Concrete itself has an effective self-healing potential. In addition, the repaired concrete was subjected to bending and tensile tests and found that the strength of these concrete specimens had the same good strength as the original test block and even higher strength than before. And the ductility of concrete materials has also been greatly improved. The main component of the healing product is calcium carbonate. It can be found through the simulation that the growth of calcium carbonate grains on the fracture surface is an important factor to promote the healing of the fracture.
By using the chemical free energies and thermodynamic database, the space-time distribution of phase parameters and the ions can be accurately determined. Furthermore, the numerical results of the validation simulations are in very good agreement with the experimental data.
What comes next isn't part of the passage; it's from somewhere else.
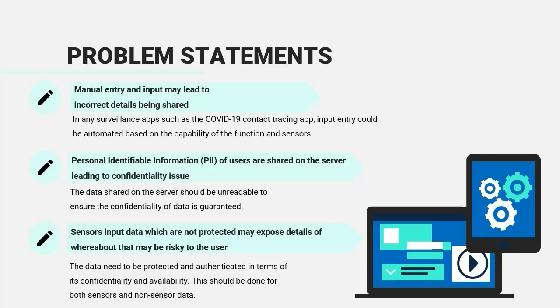Second one is personal identifiable information, PII, of users are shared on the server that is leading to confidentiality issue, where the data shared on the server should be unreadable to ensure the confidentiality of data is guaranteed.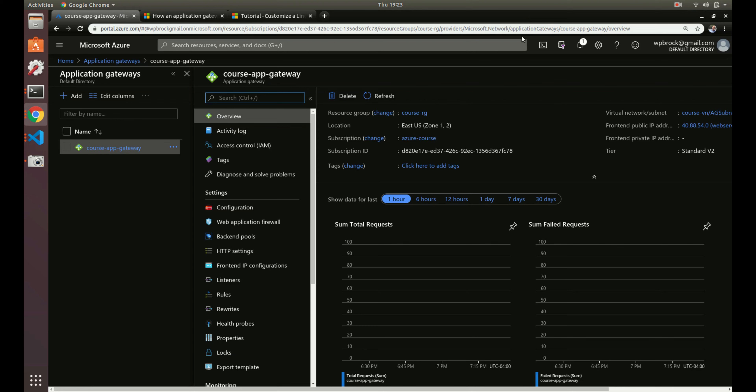Welcome back. In the previous video we went over creating an application gateway, so we've got that created now. What we need to do is attach virtual machines to our application gateway.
The phase-field method is a powerful tool to simulate microscale material behaviour. As a connection between the calculation of chemical reactions, in which among others the free energies and surface energies are taken into account, and the macroscopic behaviour this method can give important conclusion about the material capabilities.
The important step of using the phase-field method to simulate the self-healing process in concrete is the determination of parameters. All parameters should have a clear physical meaning in the phase-field method. The phase mobility indicates the speed of the interface movement, which can be accurately obtained through the formula proposed in this project. Under the condition of the finite interface thickness, the phase-field results showed very good agreement with the analytical solution.
In future research, the diffusion coefficient of ions in capillary pores will be considered in the model. Many factors can be affect it, such as the age of the concrete, the curvature of the capillary pores, the thickness of the healing products on the crack surface, etc. The interaction between these parameters will be discussed in the next step.